Almost every country – other than the US – sees patents as a revenue source.  In the US, our system is self-funding.  What often happens is that when the US Patent and Trademark Office (“USPTO”) has a surplus, our Congress glides in and scoops up any extra money.  Consequently, the USPTO only charges enough money to pay its costs and not much more.

The result is that a patent in Europe, covering the same number of residents as the US, will cost TEN TIMES as much as a patent in the US.  The biggest cost, other than mandatory translations into all the required languages, is that each European country charges an annual annuity fee.  (The US only changes maintenance fees at 3.5, 7.5, and 11.5 years, and the fees are comparatively modest.)  The annuities can run $20K+ per year in Europe – and are paid every year to keep the patent in force.

A single patent in the US will cost about $50-60K on average.  The same patent in all of Europe over its lifetime will be closing in on $1M.  Add in patents in several other countries, and you have a very large expense – for just one patent.  Is this a good use of money?

Usually, you would be better served by having 10 patents in the US rather than one in the US and one is Europe.  A single patent is a single point of failure if it were challenged.  A bigger portfolio cannot be challenged in the same way and gives a much stronger negotiating position.

Doing a cost for all the other countries, the only ones that make sense is China.  China, as of the writing of this book, is fast becoming a better place to assert your patents than in the US.  They have a huge population, so one patent will cover a much bigger population than the US, plus the fact that you can get injunctions in China make them a great place to have patents.

In general, I try to talk entrepreneurs out of getting patents in different countries.

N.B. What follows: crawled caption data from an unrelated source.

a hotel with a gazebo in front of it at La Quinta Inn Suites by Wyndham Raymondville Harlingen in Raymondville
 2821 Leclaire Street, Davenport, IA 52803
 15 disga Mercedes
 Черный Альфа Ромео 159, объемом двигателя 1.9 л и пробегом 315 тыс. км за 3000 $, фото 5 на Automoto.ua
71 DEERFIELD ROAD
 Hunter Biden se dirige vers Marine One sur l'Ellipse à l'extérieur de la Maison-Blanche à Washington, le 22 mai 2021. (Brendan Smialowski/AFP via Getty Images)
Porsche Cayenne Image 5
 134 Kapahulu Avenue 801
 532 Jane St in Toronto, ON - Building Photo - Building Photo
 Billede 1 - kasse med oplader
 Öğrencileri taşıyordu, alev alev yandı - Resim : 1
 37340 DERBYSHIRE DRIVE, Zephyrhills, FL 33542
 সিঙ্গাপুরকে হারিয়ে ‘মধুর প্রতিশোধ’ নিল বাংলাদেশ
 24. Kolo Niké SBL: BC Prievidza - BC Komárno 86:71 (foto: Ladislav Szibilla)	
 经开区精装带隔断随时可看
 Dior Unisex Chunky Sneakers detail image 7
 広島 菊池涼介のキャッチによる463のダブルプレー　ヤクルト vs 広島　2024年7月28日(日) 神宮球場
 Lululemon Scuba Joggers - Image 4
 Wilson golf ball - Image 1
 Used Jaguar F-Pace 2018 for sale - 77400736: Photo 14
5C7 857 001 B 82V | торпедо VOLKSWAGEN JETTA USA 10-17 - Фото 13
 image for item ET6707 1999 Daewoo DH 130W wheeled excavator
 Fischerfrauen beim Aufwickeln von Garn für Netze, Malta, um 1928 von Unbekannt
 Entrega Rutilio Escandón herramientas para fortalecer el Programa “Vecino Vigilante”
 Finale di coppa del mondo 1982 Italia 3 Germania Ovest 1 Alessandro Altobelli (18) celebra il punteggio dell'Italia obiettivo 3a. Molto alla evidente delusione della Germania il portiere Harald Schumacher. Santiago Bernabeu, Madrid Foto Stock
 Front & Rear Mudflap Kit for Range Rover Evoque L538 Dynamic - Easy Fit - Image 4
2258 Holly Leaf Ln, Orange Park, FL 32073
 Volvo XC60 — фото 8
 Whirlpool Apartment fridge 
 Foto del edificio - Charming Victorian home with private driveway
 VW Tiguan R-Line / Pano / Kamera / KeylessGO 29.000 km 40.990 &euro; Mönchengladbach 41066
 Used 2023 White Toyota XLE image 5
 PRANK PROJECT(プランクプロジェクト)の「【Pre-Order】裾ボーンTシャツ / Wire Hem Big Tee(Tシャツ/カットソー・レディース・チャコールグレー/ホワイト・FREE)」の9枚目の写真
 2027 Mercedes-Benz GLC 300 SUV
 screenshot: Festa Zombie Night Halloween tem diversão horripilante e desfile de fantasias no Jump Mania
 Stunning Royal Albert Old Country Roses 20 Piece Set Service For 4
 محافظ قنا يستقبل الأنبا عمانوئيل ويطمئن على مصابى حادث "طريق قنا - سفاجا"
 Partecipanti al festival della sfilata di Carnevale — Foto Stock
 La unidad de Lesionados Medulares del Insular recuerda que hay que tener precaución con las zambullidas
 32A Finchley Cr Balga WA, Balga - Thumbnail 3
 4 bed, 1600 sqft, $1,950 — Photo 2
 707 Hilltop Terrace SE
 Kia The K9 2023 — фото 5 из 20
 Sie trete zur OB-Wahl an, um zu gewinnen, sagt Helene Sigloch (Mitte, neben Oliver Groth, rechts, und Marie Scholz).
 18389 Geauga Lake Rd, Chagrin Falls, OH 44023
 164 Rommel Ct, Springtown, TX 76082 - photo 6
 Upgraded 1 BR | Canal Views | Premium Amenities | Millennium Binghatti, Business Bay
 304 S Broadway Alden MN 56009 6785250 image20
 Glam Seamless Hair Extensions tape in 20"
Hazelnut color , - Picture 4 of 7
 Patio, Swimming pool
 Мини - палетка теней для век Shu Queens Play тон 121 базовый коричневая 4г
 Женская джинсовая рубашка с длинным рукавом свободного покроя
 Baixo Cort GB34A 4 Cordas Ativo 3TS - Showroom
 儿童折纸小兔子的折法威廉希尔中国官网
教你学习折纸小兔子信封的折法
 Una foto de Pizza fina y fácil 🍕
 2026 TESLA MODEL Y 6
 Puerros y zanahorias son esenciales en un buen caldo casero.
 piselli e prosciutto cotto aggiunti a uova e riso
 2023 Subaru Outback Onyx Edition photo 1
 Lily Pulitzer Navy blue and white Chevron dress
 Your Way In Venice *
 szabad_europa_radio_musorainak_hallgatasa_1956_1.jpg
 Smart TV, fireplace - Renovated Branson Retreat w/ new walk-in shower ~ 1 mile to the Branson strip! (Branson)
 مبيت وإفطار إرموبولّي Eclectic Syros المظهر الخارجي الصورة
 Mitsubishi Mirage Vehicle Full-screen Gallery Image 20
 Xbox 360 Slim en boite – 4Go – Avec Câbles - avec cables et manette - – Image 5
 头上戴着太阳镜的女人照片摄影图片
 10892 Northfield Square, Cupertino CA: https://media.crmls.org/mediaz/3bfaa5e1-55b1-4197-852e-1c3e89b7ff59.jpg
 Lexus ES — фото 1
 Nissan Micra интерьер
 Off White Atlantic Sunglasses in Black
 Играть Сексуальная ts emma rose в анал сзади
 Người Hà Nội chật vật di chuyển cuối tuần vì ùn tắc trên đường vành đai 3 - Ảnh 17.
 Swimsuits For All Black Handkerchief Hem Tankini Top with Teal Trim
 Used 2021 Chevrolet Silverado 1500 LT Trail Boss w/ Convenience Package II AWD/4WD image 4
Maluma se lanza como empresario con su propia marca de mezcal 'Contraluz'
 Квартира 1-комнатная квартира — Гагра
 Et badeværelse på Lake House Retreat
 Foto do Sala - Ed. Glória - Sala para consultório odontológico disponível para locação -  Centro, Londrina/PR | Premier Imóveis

The simplistic view of patents is that you use them to keep competitors away.  With this mindset, a patent in Vietnam could – in theory – be used to sue a local Vietnamese competitor.  We could force that competitor to cease and desist.  There are countless ways this is a problem, from detecting infringement, navigating the court system, enforcing the judgment, and so forth.

The more reasonable and likely scenario is that the patents are traded with another company as part of a negotiated agreement.  The agreement might be to split up a marketplace geographically, do a joint venture, gain access to each other’s technology, or some other use case.  Another likely scenario is that your company might be acquired by a company who wants your patents to negotiate a deal with their competitors.

In this case, the patents are useful when they are in a jurisdiction that the OTHER company wants to practice the invention.  For example, a Singapore company would typically get patents in the US and China so that they can trade with US and Chinese technology companies.  The Singapore company might never enter the US market, but they might be able to negotiate a deal with a US company to gain access to specific technologies, get better terms on a supplier agreement, bring the US technologies into Singapore, or any other agreement. 

The key here: patents are rarely used to “keep out a competitor,” but are often used as part of bigger negotiations, such as cross licenses.  Foreign patents are only useful if your competitor has a presence there – whether or not you actually have a presence there.

When considering which countries to file your foreign patent applications, do so with an eye to building negotiating value for your company.  Look outward, not inward. 

Considering all the countries of the world and the cost to get a patent versus the amount of negotiating power it provides – the US is still a very good bargain.

Note: this is an early excerpt from my book “Startup IP Strategy.”